Solar power soars as energy transition solidifies
Renewable energy — and especially solar power — captured all demand growth last year and even forced fossil fuels into a slight contraction. And that was before the war in Iran.
Solar power is taking centre stage in the energy transition, surging to new heights and contributing to a slight contraction in fossil fuel power generation last year. The war in the Middle East is likely to accelerate this trend.
New generation from renewable energy and nuclear power was larger than total demand growth in 2025, forcing fossil fuel generation into decline, according to new data from the International Energy Agency. The findings mark a key milestone — contrary to recent energy industry narratives, renewables and electrification are not simply additive and complimentary, but are beginning to eat into the base of fossil fuel assets.
The IEA said the data showed that the “Age of Electricity” has arrived.
Another eye-popping milestone was reached in 2025. For the first time, renewables generated roughly as much electricity as coal on a global basis, and clean energy is now at the core of the power sector in most parts of the world.
A separate report from clean tech think tank Ember reveals similar trends. Solar and wind accounted for 99 percent of electricity demand growth last year, and fossil fuel supply fell by 0.2 percent.
“Clean energy is now scaling fast enough to absorb rising global electricity demand, keeping fossil generation flat before its inevitable decline,” said Aditya Lolla, managing director at Ember.
Fossil fuel power generation declined in both China and India in 2025 as clean power additions surpassed demand growth. It represents a sea change in energy markets. Those two economies once made up the lion’s share of robust annual increases in demand for oil, gas, and coal, and together seemed to lock in decades of demand growth for fossil fuels. But things have changed quickly. Both are now turning to clean tech.
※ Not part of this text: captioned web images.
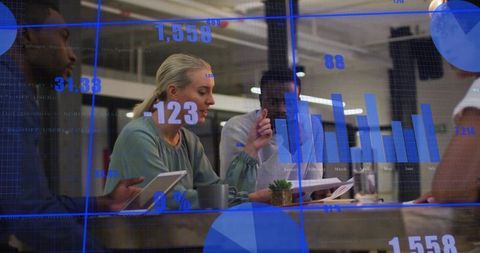 Midadult blonde woman pointing at tablet while team collaborating on data with charts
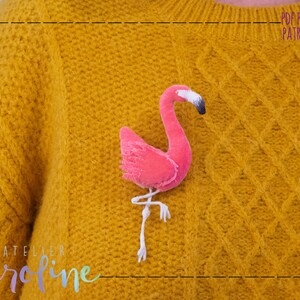 May include: A pink flamingo brooch with white legs and a black beak, pinned to a yellow knitted sweater. The sweater has a cable knit pattern and the text "Atelier Caroline" is visible at the bottom.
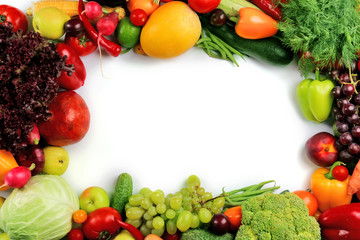 Heap of fruits and vegetables isolated on white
Momentum is now clearly in favour of clean technologies — and solar in particular. The solar capacity that was added in just the past year “would be sufficient to displace gas-fired electricity equivalent to all LNG exports through the Strait of Hormuz last year, estimated at 550 TWh,” the Ember report said. And the key difference between solar and gas-fired power is that once the solar panels are installed, they generate power for decades with no additional effort or cost. Gas plants need a steady flow of fuel, a geopolitical and economic vulnerability underscored by the snarled ship traffic in the Persian Gulf.
Energy transition to accelerate
Solar is now redefining energy security, Ember noted. After the second major war in four years, each of which has caused immense havoc to oil and gas markets, many countries will increasingly prioritise domestic power production — solar and wind, paired with battery storage.
“The next step is to modernise grids and regulatory frameworks so power systems are ready to handle this new reality,” Lolla said.
One of the key trends going forward will be the pace of battery storage installations, which have begun to accelerate dramatically. Battery costs declined by 20 percent in 2024 and by 45 percent in 2025. Installations shot up by 46 percent to 250 gigawatt-hours. As batteries proliferate, they extend the hours for solar and wind, allowing for almost round-the-clock power.
The two reports from the IEA and Ember confirmed the energy transition was already kicking into a higher gear before the U.S.-led war against Iran, which has disrupted the Strait of Hormuz for nearly two months. Experts now see the transition as being on the verge of acceleration.
High prices and shortages are resulting in demand destruction around the world, with the impacts especially concentrated in South and Southeast Asia at the moment. But the pain is set to spread to Europe and other parts of the West in the coming weeks. Against a backdrop of fossil fuel scarcity, consumers and governments alike will turn to renewables.
While it is still early, signs of a shift are underway. China’s exports of solar, batteries, and EVs surged in March. Sales of EVs in Europe shot up 51 percent.
Europe announced some initial plans on April 22nd to respond to the oil and gas crisis, which include temporary measures to buffer the impacts of higher costs on consumers and businesses, European-wide coordination on gas purchasing, and a variety of proposals to speed up electrification and accelerate the rollout of renewable energy. The EU has spent an additional 34 billion euros on fossil fuel imports since the start of the war as costs have shot up.
The full impact remains to be seen, but it is notable that top European officials are starting to formulate plans to solidify the shift away from oil and gas.
“[W]e would not discount the potential for a second supply shock in four years to catalyze significant changes,” ClearView Energy Partners, a Washington-based consulting firm, said in a note to clients, referring to the EU’s plan.
Top gas industry executives also see the ground shifting beneath them. The longer the Strait of Hormuz remains shut, the more likely that the scars of demand destruction become permanent.
“If the conflict ended today, the world would recover in six months to a year. But if it lasts six months, those knee-jerk changes we are seeing could become structural,” Philip Mshelbila, secretary-general of the Gas Exporting Countries Forum, said at a recent industry conference.